When the Canadian dollar drew level with the US dollar in 2007, Canadians found a rare source of gloating against their brasher southern neighbours.
The collapse of Lehman Brothers may have put paid to the loonie's strength, but the currency has held up well as another financial crisis grips the euro zone.
The Canadian dollar recovered parity with the US dollar in the middle of last year, although it dipped below par last month. But the currency has rallied 3.1 per cent this month to $0.983.
The Canadian dollar is "going through an extremely bullish phase right now", said Gaurav Kashyap, a trader at Alpari Middle East, an online currency trading house.
Their economy is "one of the few shining examples left among leading nations".
The major factor driving the Canadian dollar is its place among the so-called "commodity currencies" - including the Australian dollar, the Brazilian real and the South African rand - because of the country's natural resources.
These currencies have soared since the financial crisis began as the US dollar weakened and Asian demand for energy and raw materials surged.

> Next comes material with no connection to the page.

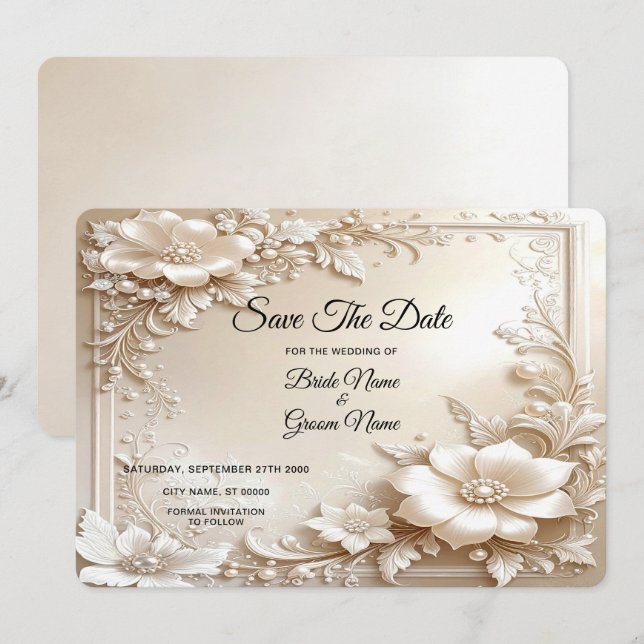 Ivory Flowers Save The Date (Front/Back)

The Canadian dollar was battered last month amid a US dollar rise and fears about the effect of the euro-zone sovereign-debt crisis on global growth, said Neil Mellor, a senior currency strategist at BNY Mellon.
"The Canadian dollar is trading more as a currency that's highly sensitive to the global economy" than through economic fundamentals, he said.
The loonie also comes with fewer strings attached than other currencies, such as the Japanese yen and the Australian dollar, which have risen sharply as a hedge against a slowdown in other developed economies.
The Swiss franc, a favourite of currency traders betting on the weakness of the euro zone, was pegged to the euro last month by the Swiss National Bank.